WORK TO BE COMPLETED ->
Write out the lines below exactly, beginning at the one with "Urban Expressions Gold" and stopping after the one with "ASICS Gel NYC Grove Olive Canvas, view 9"; the pictures are not copied.

+++ LISTED ENTRIES +++

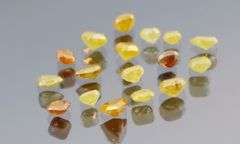 Heavy 7.78ct set of untreated yellow Diamonds
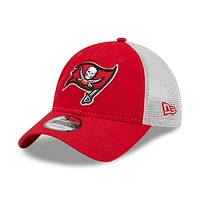 Men's New Era Red Tampa Bay Buccaneers Loyal 9TWENTY Snapback - Trucker Hat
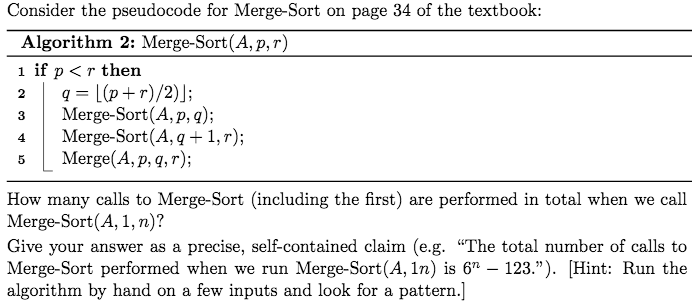Question Provide Clear Explanation and do all parts Consider the following pseudocode:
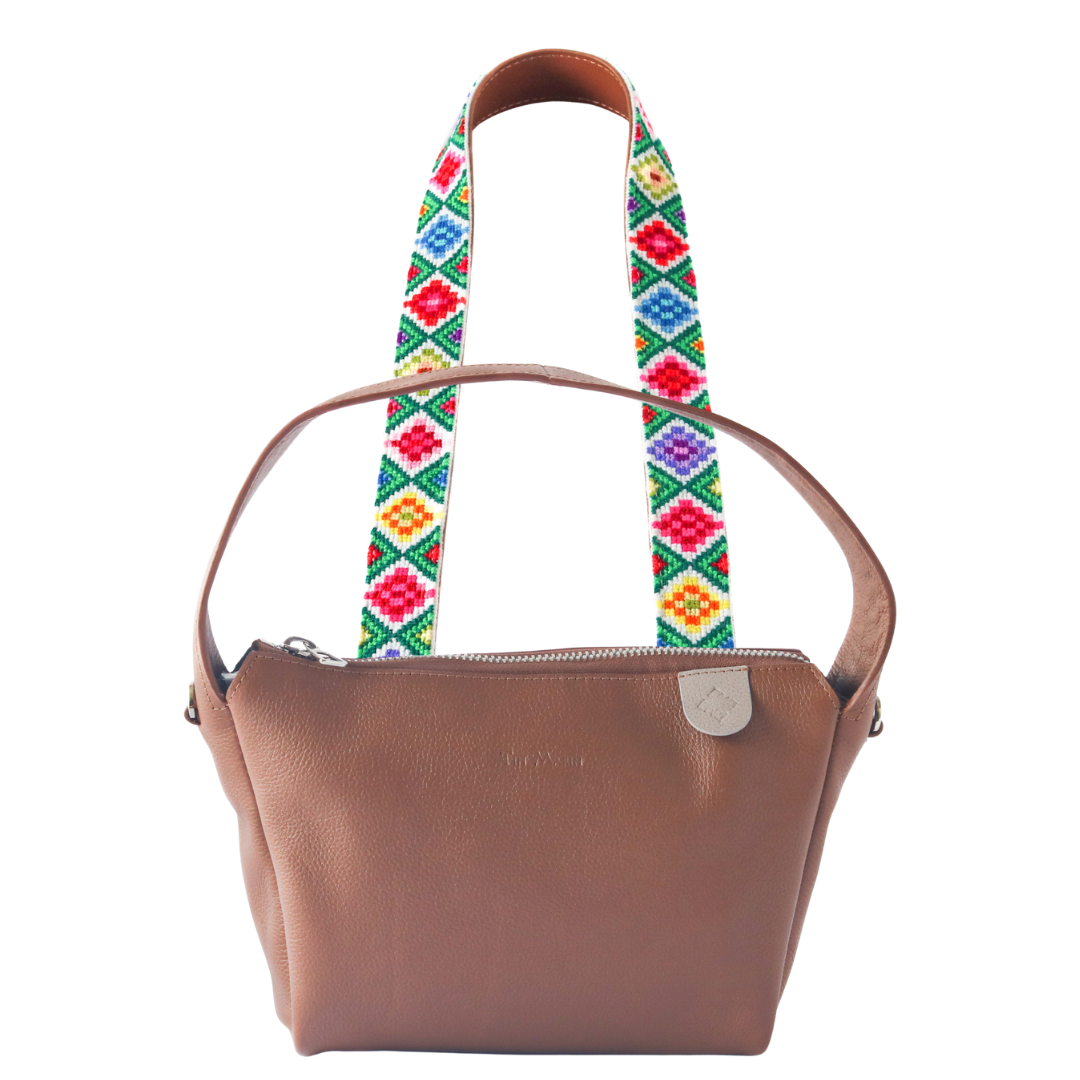 Maina Shoulder Leather Bag & Mai Woven Strap
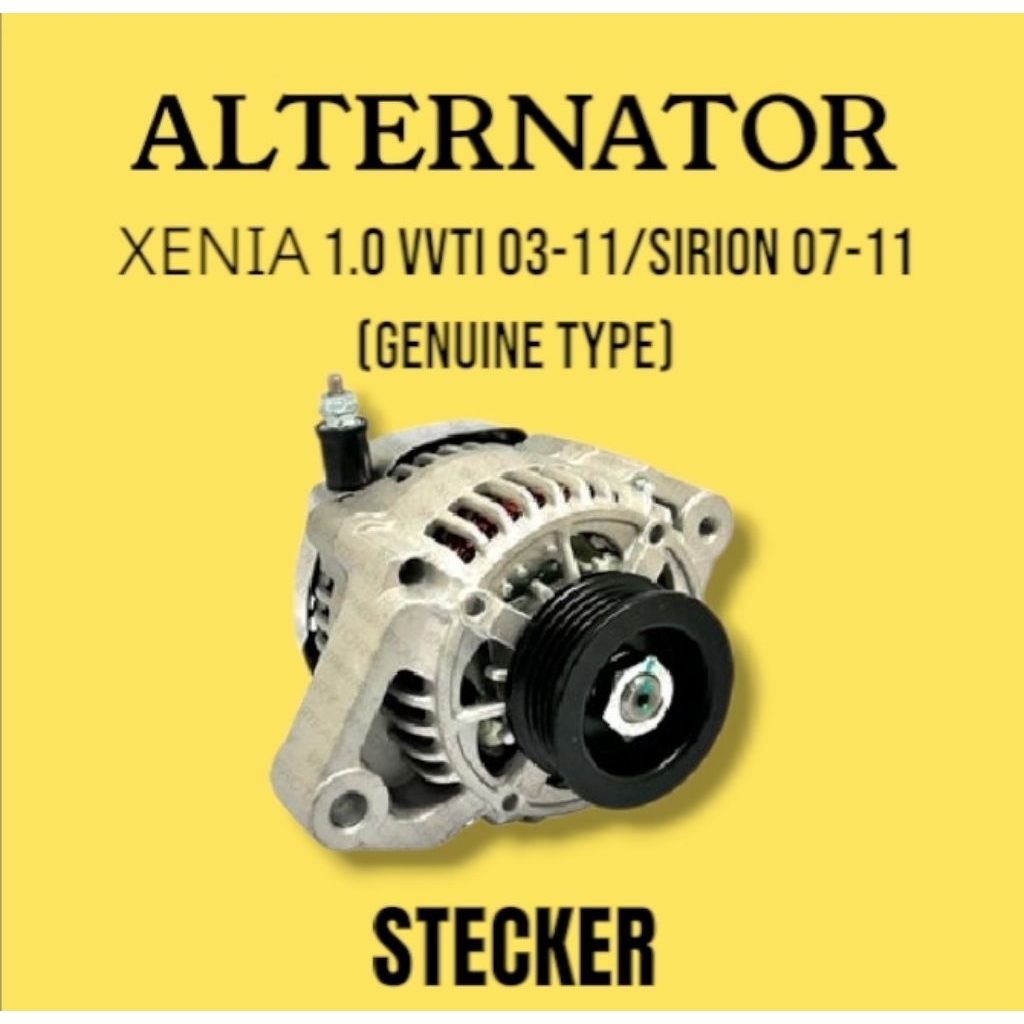 DINAMO AMPER ALTERNATOR  XENIA 1.0 VVTI / SIRION  07-11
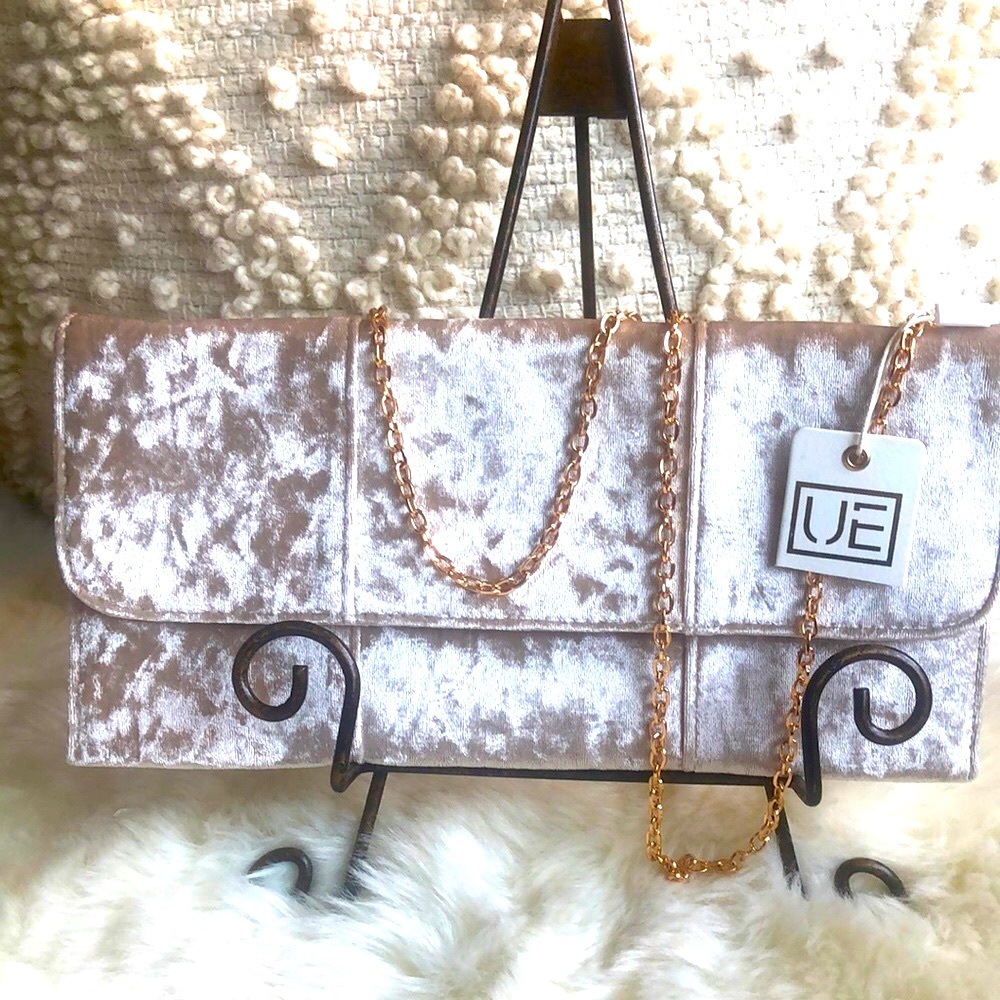 Urban Expressions Gold Fabric Crossbody/Clutch -NWT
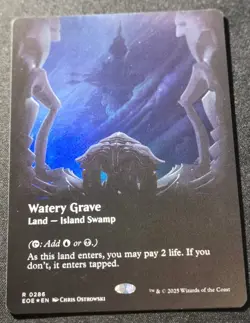 Watery Grave - Foil - Borderless - EOE - MTG - EN - NM - 0286 - Image 1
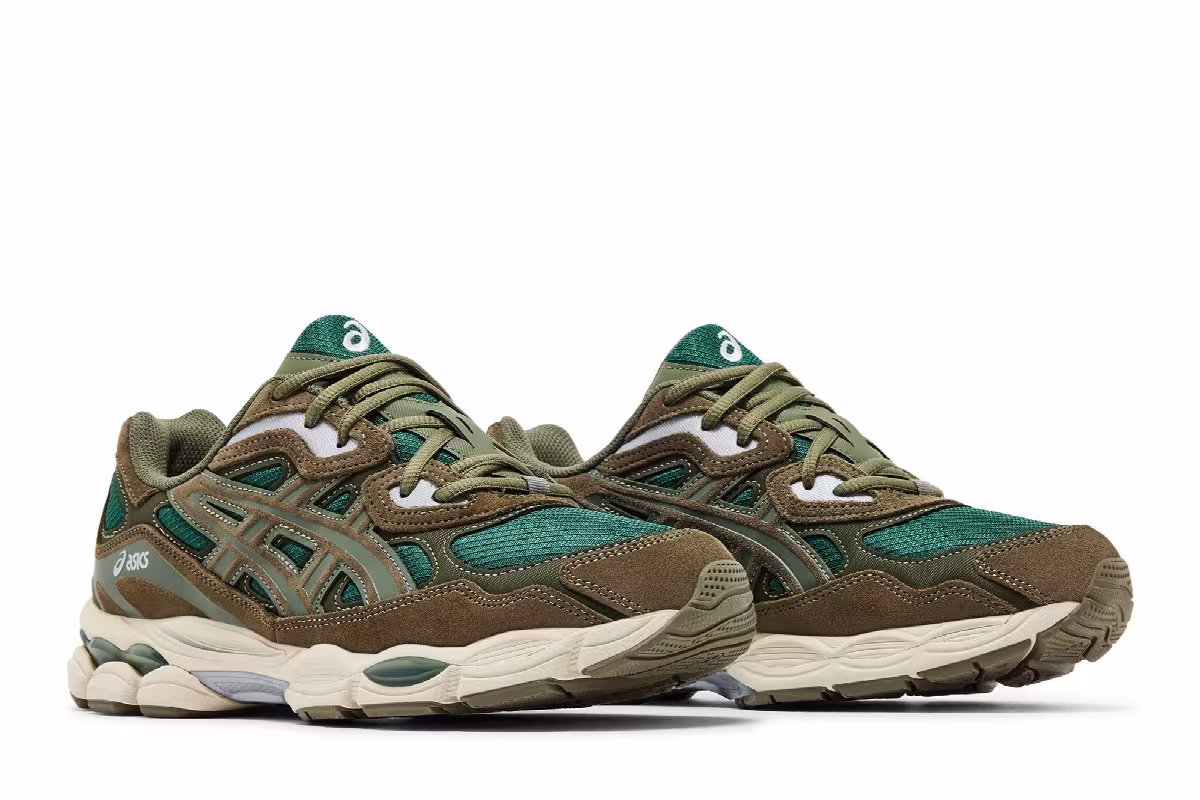 ASICS Gel NYC Grove Olive Canvas, view 9
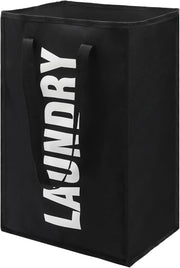 THREADSHAPES 50L Laundry Basket with Extended Handle, Collapisable Laundry Bag, Foldable Laundry Hamper, Folding Washing Storage Bin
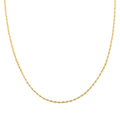 18K Yellow Gold 1.5mm Rope Chain Necklace 20 Inches 1.60 Grams - Sticky add to cart bar
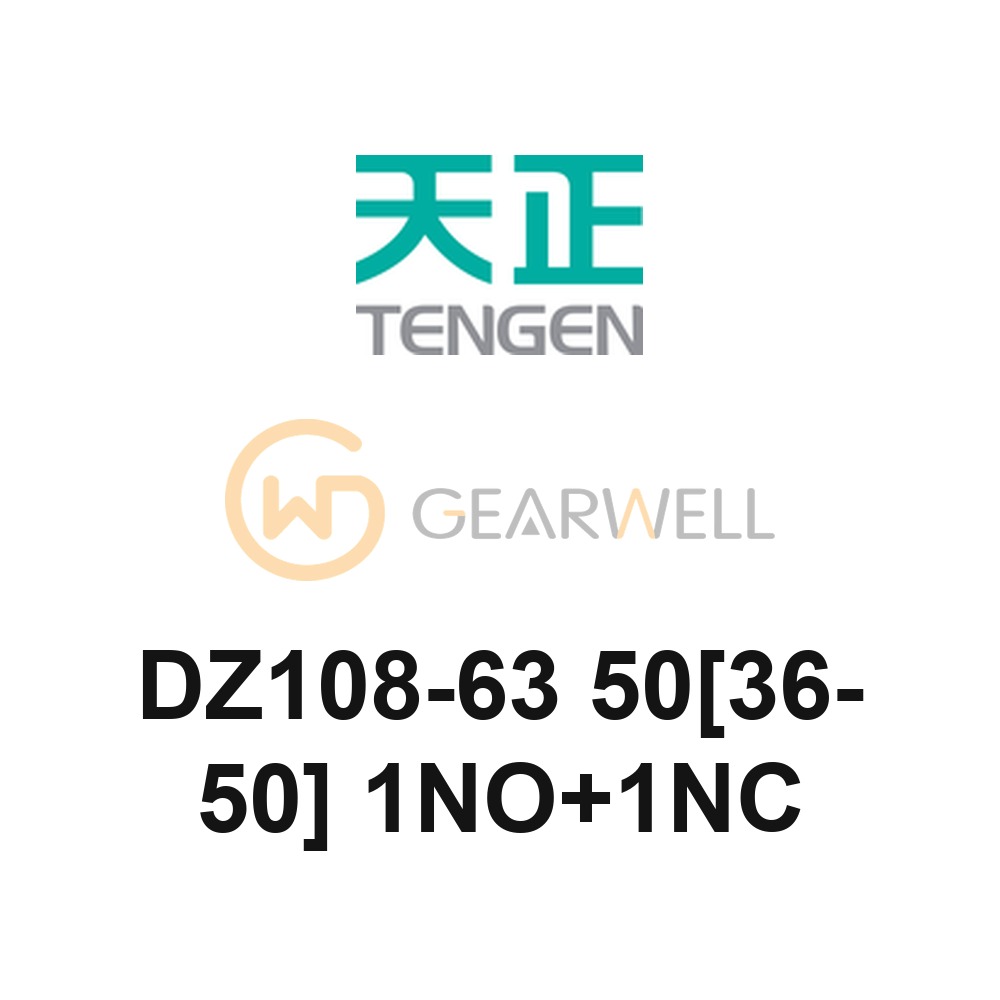 TENGEN DZ108-63 50[36-50] 1NO+1NC DZ108 Motor Protection Breaker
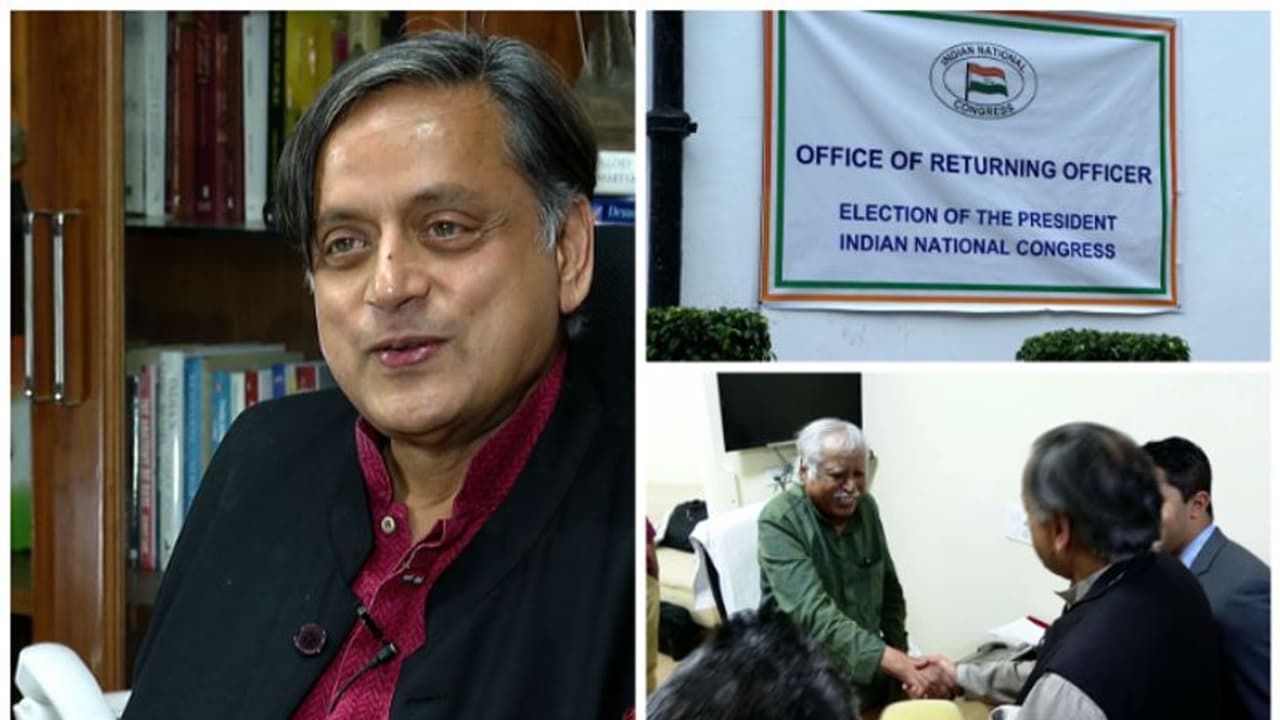 ഔദ്യോഗിക പക്ഷത്തിന്‍റെയും ഗ്രൂപ്പ്23യുടേയും കാര്യമായ പിന്തുണയില്ല,തരൂരിന്‍റെ പത്രികയില്‍ ആരൊക്കെ ഒപ്പുവക്കും?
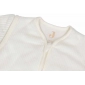 Спальний мішок Jollein зі знімними рукавами 70 см, Rib, айворі - lebebe-boutique - 4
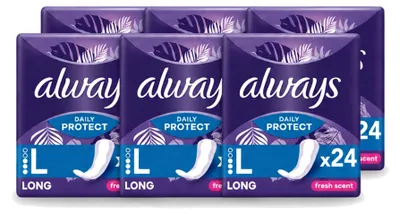Produktbild von 6 x Always Inlegkruisjes Long Fresh Scent - Vorteilspackung - 6 Stücke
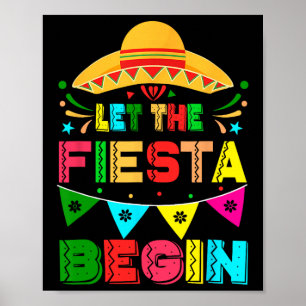 Poster Que A Fiesta Comece Engraçada Cinco De Mayo Mexica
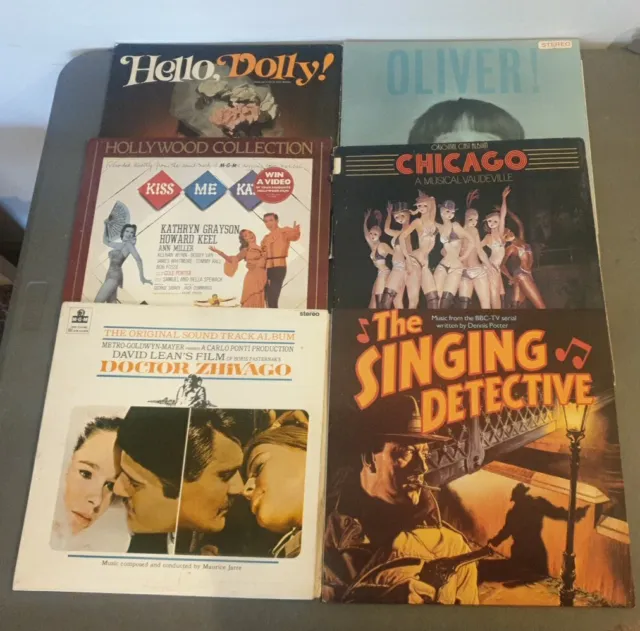 Job Lot X 6 Movie / Film / Musicals Soundtrack 12" Vinyl LPs Lot 3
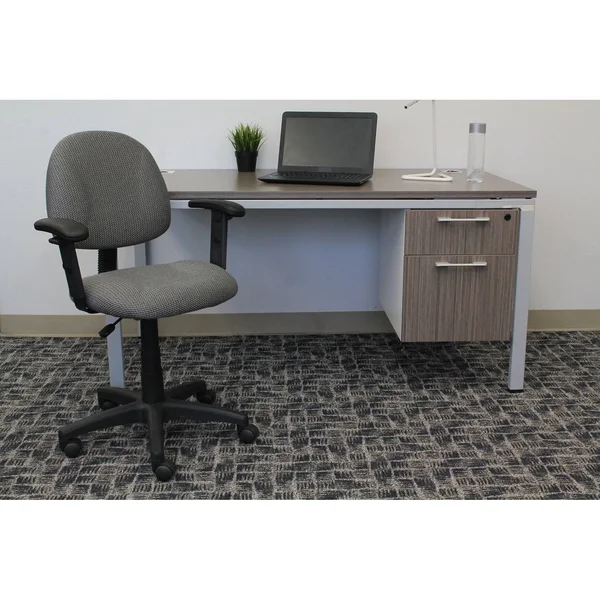 Boss Deluxe Posture Chair with Adjustable Arms - Grey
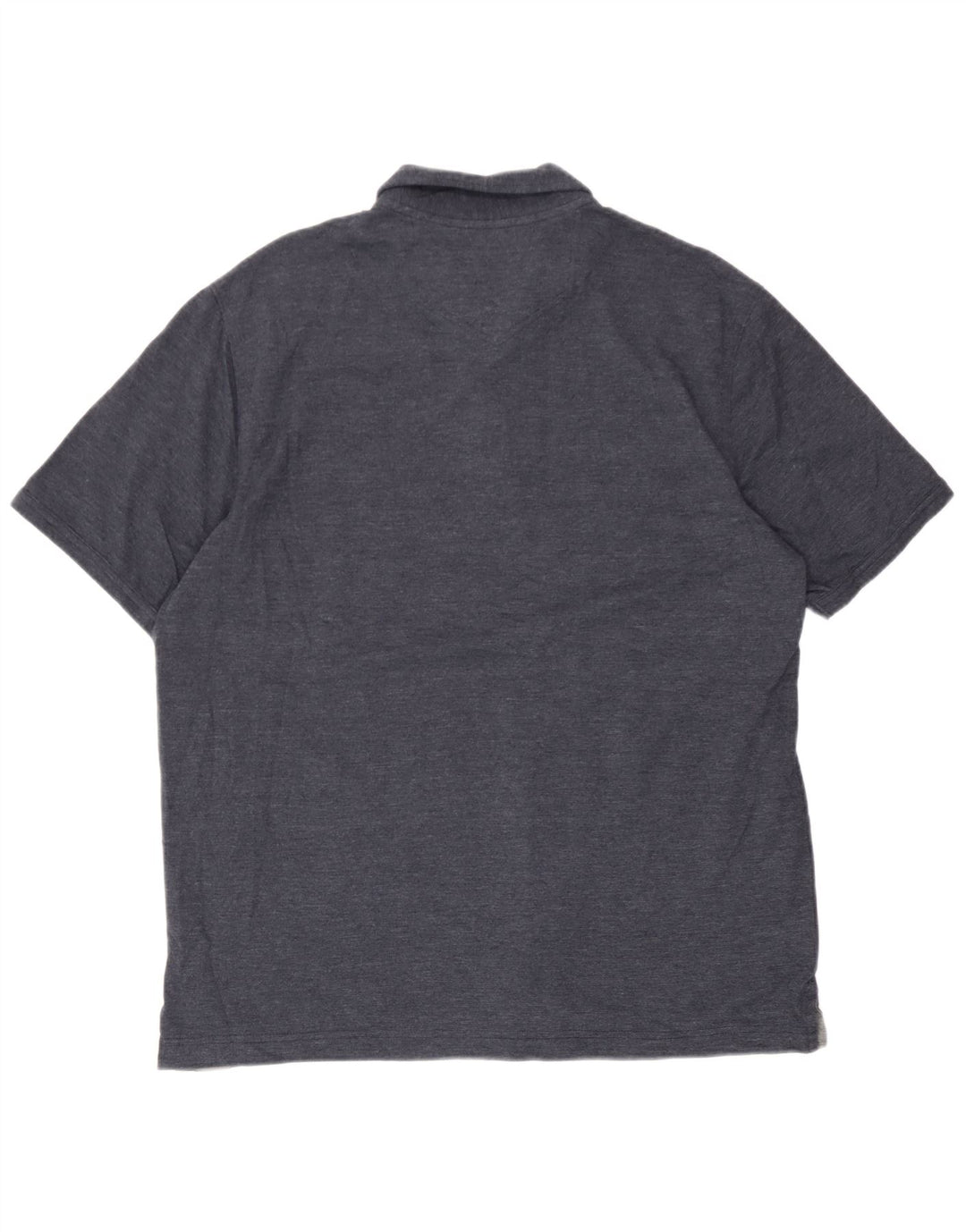 Eddie Bauer Mens Polo Shirt Large Navy Blue Cotton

+++

COMPLETED EXERCISE ->
 Urban Expressions Gold Fabric Crossbody/Clutch -NWT
 Watery Grave - Foil - Borderless - EOE - MTG - EN - NM - 0286 - Image 1
 ASICS Gel NYC Grove Olive Canvas, view 9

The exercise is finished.